Authors: Rob Thurman
Dmitri nodded a hello at me and jerked his chin toward the back. “Yeah, the whole crew’s there. You’re the last.”
Great. That was bound to go over like a Gay Pride parade at the Vatican. Sevastian had been the one to call me, and you could bet your ass he’d put me at the bottom of his to-do list. Swearing under my breath, I motioned to the bottle in his hand. “Have a peace offering I could take back? Something a little better than that piss you’re pouring? What is that anyway, a specimen for your doctor? Damn, Dmitri.”

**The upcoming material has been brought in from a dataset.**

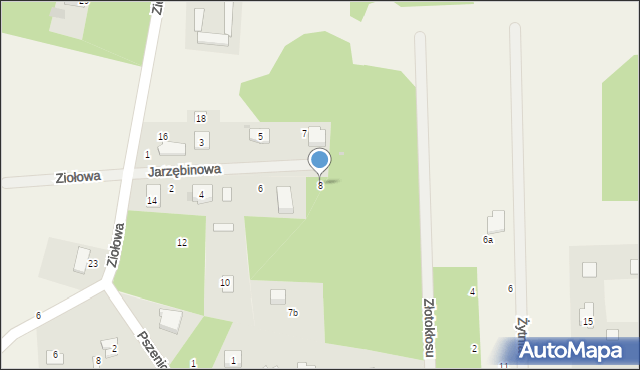 Jastrzębnik, Jarzębinowa, 8, mapa Jastrzębnik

Dmitri had known me long enough to let that roll off his back, water to a soused duck. “It’s good enough for these jack-offs,” he grumbled, waving a hand at the Thursday-night crowd. It wasn’t a designation he gave frivolously either. There was many a customer who had one hand hidden from sight. Pity the waitress who had to take the tip from
that
hand later on. “Here.” From beneath the bar, he hoisted up two bottles of Mosko Crystall, one of the best Russian vodkas on the market. “A friend of mine smuggled them from his last trip to Moscow.”
That was the good stuff all right, almost impossible to come by here, and I was going to have to pay through the nose if I wanted it. Pulling out my wallet, I dropped a hundred on the bar’s scarred and sticky surface. Dmitri pursed his lips and looked over my shoulder, bored. Hissing in annoyance, I deposited another hundred on top of the first.
That got his attention, just barely. “I don’t know, Stef,” he said dubiously. “Do you know how hard it is to get this? The bribes, the risk . . . The backache alone is hell. Dragging a suitcase full of bottles can give you a hernia the size of a grapefruit—I shit you not. Not to mention—”
Reaching across the bar, I took the bottles from his hands and fixed him with an unblinkingly patient stare as his mouth finally flapped to a halt. “Dmitri,” I offered amiably, “I’m not in the mood to play bargaining babushka, got it?”
Perhaps not the brightest bulb on Broadway, he still knew enough not to press his luck. “Okay, okay.” Scooping up the money uneasily, he folded it and jammed it into his pocket.
“Zhatky
.
”
Cranky. Shit. Maybe Dmitri hadn’t known me as long as all that then if that was the worst label he could put on me. Carrying one bottle in each hand, I headed toward the back without much enthusiasm. Konstantin Gurov, my boss, wasn’t the most forgiving of men. As the immortal Ricky Ricardo had once said, I was going to have some ’splainin’ to do. It was safe to say, however, that Ricky had probably never rammed a screwdriver in Lucy’s ear for any of her escapades, much less just for being late.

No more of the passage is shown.